一見すると娘が母親に逆らっているだけのように見えるが、ユリにはレミの気持ちが理解できた。


親が決めたことを――。


両親が持つ常識を押しつけられるのは、子供として耐えがたい苦痛だ。


たとえそれが正しいとされていることでも、自分の意思など介入できないことを強要されるのは、奴隷と変わらないと。


(まあ、私とじゃ話のスケールが違い過ぎるけど……)


内心で自嘲しながら、ユリがそんな母と子二人の様子を見ていると、クレオは表情を冷たいものへと変えた。


ユリはそんな彼女の顔を見て、思わず仰け反ってしまっていた。


横浜からインド、そしてトルコと、ここ数時間で怖い体験をしてきたが、この女性は怖さのレベルが違う。

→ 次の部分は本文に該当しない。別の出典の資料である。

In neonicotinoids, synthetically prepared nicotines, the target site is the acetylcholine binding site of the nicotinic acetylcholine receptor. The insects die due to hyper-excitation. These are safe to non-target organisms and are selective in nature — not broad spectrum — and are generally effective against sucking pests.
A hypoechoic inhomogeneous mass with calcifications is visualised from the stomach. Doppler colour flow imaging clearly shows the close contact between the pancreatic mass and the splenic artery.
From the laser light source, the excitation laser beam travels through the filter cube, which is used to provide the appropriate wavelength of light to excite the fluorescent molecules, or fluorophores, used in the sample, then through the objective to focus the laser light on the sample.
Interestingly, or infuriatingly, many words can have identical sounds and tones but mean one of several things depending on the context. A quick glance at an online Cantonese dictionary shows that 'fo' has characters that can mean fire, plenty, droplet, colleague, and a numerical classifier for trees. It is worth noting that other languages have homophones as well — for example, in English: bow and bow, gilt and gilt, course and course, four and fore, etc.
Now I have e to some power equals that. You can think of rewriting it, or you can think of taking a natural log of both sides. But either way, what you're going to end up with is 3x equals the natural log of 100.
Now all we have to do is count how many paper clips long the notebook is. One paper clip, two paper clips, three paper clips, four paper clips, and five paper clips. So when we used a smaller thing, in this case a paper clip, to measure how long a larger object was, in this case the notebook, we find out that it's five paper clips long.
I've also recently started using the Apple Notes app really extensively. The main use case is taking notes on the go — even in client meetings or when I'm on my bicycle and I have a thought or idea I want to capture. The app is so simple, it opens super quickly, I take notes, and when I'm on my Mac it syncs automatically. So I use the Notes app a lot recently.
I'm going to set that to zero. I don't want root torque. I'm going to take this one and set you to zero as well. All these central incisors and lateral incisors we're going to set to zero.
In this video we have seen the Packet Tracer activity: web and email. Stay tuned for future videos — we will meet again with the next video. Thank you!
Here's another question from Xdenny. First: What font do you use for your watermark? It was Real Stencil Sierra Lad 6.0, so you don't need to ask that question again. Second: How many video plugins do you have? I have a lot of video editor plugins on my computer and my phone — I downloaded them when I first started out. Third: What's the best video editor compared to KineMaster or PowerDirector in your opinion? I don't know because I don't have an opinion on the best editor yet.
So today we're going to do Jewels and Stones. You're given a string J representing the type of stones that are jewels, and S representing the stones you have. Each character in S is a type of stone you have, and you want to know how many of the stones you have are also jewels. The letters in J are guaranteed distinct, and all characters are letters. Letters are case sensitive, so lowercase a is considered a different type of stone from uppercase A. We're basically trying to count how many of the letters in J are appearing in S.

何もされていないし、怒鳴ったわけでもないのに、ただ顔を見ただけで体の震えが止まらなくなる。


ユリはクレオの印象が一気に変わり、やはりこの人物は暗殺組織のボスなのだと思い直していた。


「古文書によれば、次にチェーンで扉を開くことができるのは一ヶ月後。それを逃せば再び数年間はチャンスがない。レミ、時間がないんだ。お願いだから私と共に来てくれ」


「だから嫌だって言ってるだろ! チェーンなんかあげるから、母さんだけでやってよ!」


「私だけでは無理なんだ。頼む、一緒に父さんの願いを叶えよう。この力を他の者に与えてはならないんだ。共に世界を権力者たちから守るんだよ」


「世界なんて知らない! 勝手にやってよそんなことッ!」


レミは断固として断った。


伸ばした母の手を払って距離を取り、実の親に向かって親の仇でも見るような目で睨み返している。


そんな娘の態度を見ても、クレオの氷のような表情は変わらなかった。


青い瞳がその冷たさを強調し、その眼差しでレミのことを見つめている。


「そうか。ならばしょうがない」


クレオはその冷たい顔のままで払われた手を下げると、拳を固く握った。